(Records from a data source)
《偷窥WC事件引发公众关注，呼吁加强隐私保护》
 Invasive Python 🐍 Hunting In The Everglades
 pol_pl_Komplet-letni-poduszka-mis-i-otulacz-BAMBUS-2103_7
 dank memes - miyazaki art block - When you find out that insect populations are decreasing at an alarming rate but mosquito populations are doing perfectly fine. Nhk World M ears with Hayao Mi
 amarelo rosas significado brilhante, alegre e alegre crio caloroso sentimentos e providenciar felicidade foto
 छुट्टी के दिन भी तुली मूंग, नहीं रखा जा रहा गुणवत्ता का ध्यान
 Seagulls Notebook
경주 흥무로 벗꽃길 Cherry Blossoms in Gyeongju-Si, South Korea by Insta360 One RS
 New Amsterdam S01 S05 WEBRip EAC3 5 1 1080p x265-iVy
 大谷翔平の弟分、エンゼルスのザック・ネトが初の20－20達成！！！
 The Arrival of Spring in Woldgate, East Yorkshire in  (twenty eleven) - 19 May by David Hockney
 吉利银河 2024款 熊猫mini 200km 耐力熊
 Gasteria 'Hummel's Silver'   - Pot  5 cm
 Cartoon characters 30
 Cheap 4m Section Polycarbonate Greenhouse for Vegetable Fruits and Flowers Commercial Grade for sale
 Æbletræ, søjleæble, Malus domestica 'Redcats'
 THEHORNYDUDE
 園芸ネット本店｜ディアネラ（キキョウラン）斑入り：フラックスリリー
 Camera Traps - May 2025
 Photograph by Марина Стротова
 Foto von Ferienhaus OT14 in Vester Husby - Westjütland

**The problem**
Reproduce every record above, word for word.

**The answer**
《偷窥WC事件引发公众关注，呼吁加强隐私保护》
 Invasive Python 🐍 Hunting In The Everglades
 pol_pl_Komplet-letni-poduszka-mis-i-otulacz-BAMBUS-2103_7
 dank memes - miyazaki art block - When you find out that insect populations are decreasing at an alarming rate but mosquito populations are doing perfectly fine. Nhk World M ears with Hayao Mi
 amarelo rosas significado brilhante, alegre e alegre crio caloroso sentimentos e providenciar felicidade foto
 छुट्टी के दिन भी तुली मूंग, नहीं रखा जा रहा गुणवत्ता का ध्यान
 Seagulls Notebook
경주 흥무로 벗꽃길 Cherry Blossoms in Gyeongju-Si, South Korea by Insta360 One RS
 New Amsterdam S01 S05 WEBRip EAC3 5 1 1080p x265-iVy
 大谷翔平の弟分、エンゼルスのザック・ネトが初の20－20達成！！！
 The Arrival of Spring in Woldgate, East Yorkshire in  (twenty eleven) - 19 May by David Hockney
 吉利银河 2024款 熊猫mini 200km 耐力熊
 Gasteria 'Hummel's Silver'   - Pot  5 cm
 Cartoon characters 30
 Cheap 4m Section Polycarbonate Greenhouse for Vegetable Fruits and Flowers Commercial Grade for sale
 Æbletræ, søjleæble, Malus domestica 'Redcats'
 THEHORNYDUDE
 園芸ネット本店｜ディアネラ（キキョウラン）斑入り：フラックスリリー
 Camera Traps - May 2025
 Photograph by Марина Стротова
 Foto von Ferienhaus OT14 in Vester Husby - Westjütland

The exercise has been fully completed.